“Vardavar is born from the word “vard” which means rose in Armenian. All night long the day of Vardavar, young girls of town go out to the field to collect roses. The petals are then soaked in water overnight in water collected from seven mines only to be used to drench the young men of town the next morning. The buckets are then used by the young men to hide talismans in and the lucky girl who selects the talisman is destined to marry the original owner. Currently, a Christian Tradition, it is celebrated on the last day of the year according to the old Armenian calendar. The roots date far back into the Armenian pagan times and are associated with multiple songs written on this beautiful celebration of love, fertility and purity.
In modern times, anyone walking the streets of Armenia cannot expect to remain dry. While being accepted as a fun festival, people also see the togetherness component of the celebration as the day is filled with laughter by people of all ages.”
Informant: “To me, the idea of the tradition is to eliminate anger and promote love.
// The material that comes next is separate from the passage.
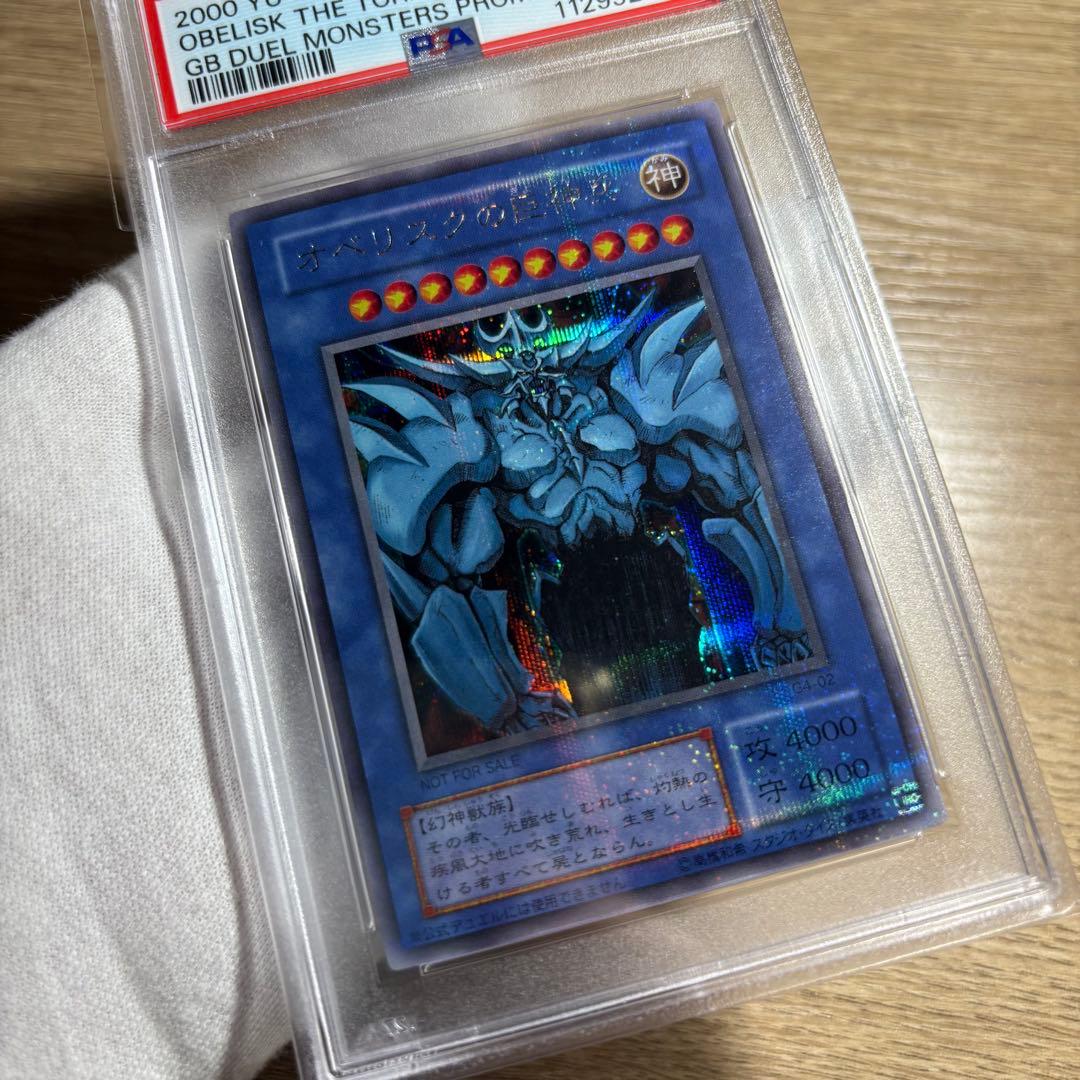 【 鑑定品 PSA10 10 9 ３枚連番セット 】　極美品　三幻神　二期　シク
I have enjoyed it throughout my childhood and now, because it has brought me close with people and produced unlimited amount of joy.”
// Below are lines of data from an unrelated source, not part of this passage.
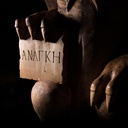 Michel la Gargouille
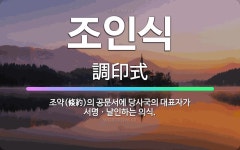 🌟조인식: 조약(條約)의 공문서에 당사국의 대표자가 서명ㆍ날인하는 의식. - 표준국어대사전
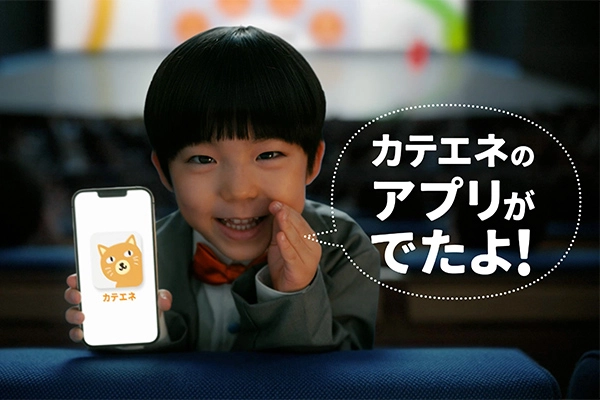 「ゆずなちゃんのカテエネアプリ大発表」篇　のイメージ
The informant was born and raised in Armenia and moved to the United States when she was about fifteen years old. She told me that not only was it a complete culture shock for her, but the city where she was living lacked the sense of community that was present in neighborhoods of Armenia. In the summertime, all people, old and young, bathe each other in water. She claimed “it is the most interesting and fun time during the summer for everyone of Armenian culture and brings strangers together for fun, and it is creative way to get back at the person you hate and bond with the people you don’t know.”
The tradition traces back to the goddess of love, Astghik, who was showered with rose petals and water. To resemble this treat, fourteen weeks after Easter, the people would do the same on a hot summer day. All rules of social etiquette are thrown out the window and random strangers are given permission by some arbitrary force to water one another in the streets. The tradition has been accepted and celebrated among Armenians since pagan times; thus, the exact date of the tradition is not known. All Armenians are exposed to it at a very young age, and there is not a single year that it is not being celebrated.
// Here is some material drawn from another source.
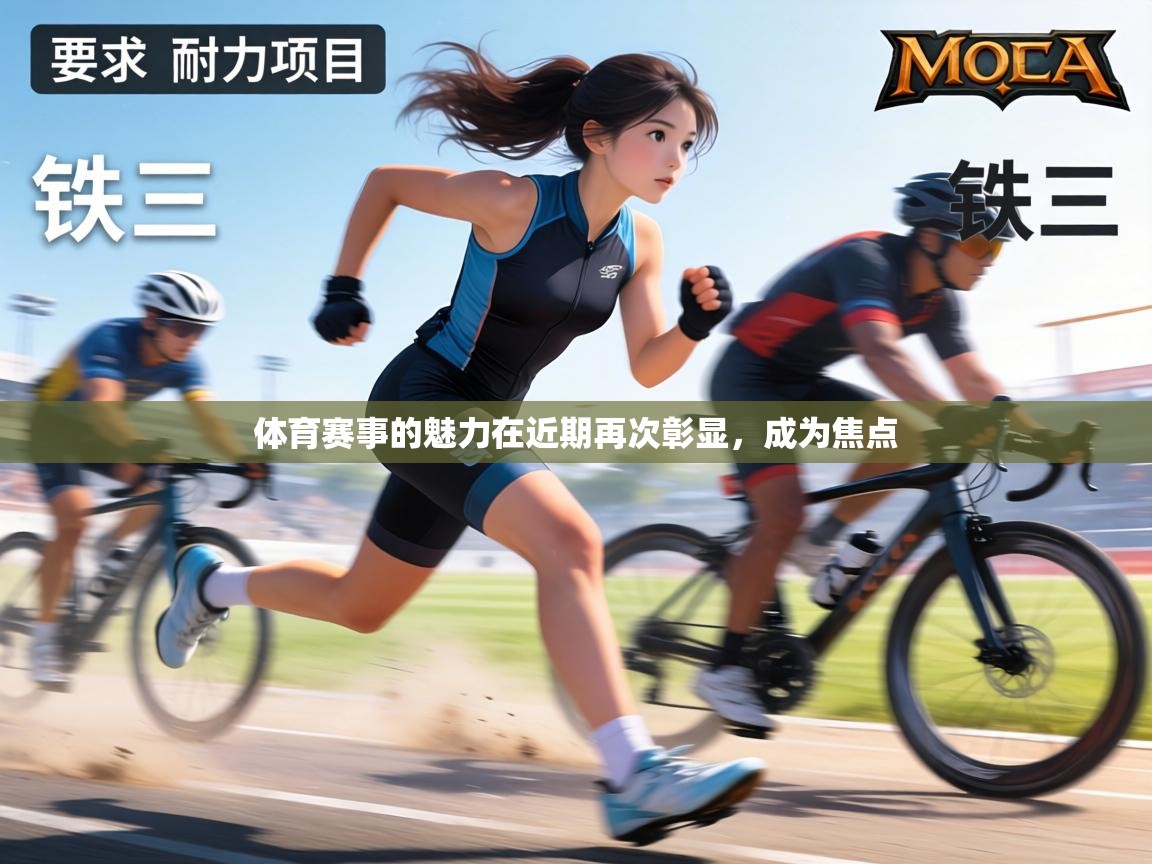 体育赛事的魅力在近期再次彰显,成为焦点 第1张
Naturally, the tale is recited in Armenian; however, the informant did not provide it in the original language in which it is recited. She was able to provide a translated version.
The Vardavar-Armenian Water festival uses a folk tale to establish a custom that has been ritualized by the Armenian community for a number of years. Because the Armenian population is spread out across the European map, this kind of festival can appear to unify the culture since the ritual is widespread. Alternatively, it can be seen as a tribute to the people of Armenia helping establish the country and its people nationally and socially among different ethnic groups and cultures.
From another perspective, the festival can take form as a superstition. I heard from an additional source that the essence of the rituals is to embrace water that is considered to have some kind of curative and powerful effect. That is, it can be used to foretell the future, drive away the evil, and make women more fertile and ill people healthy again.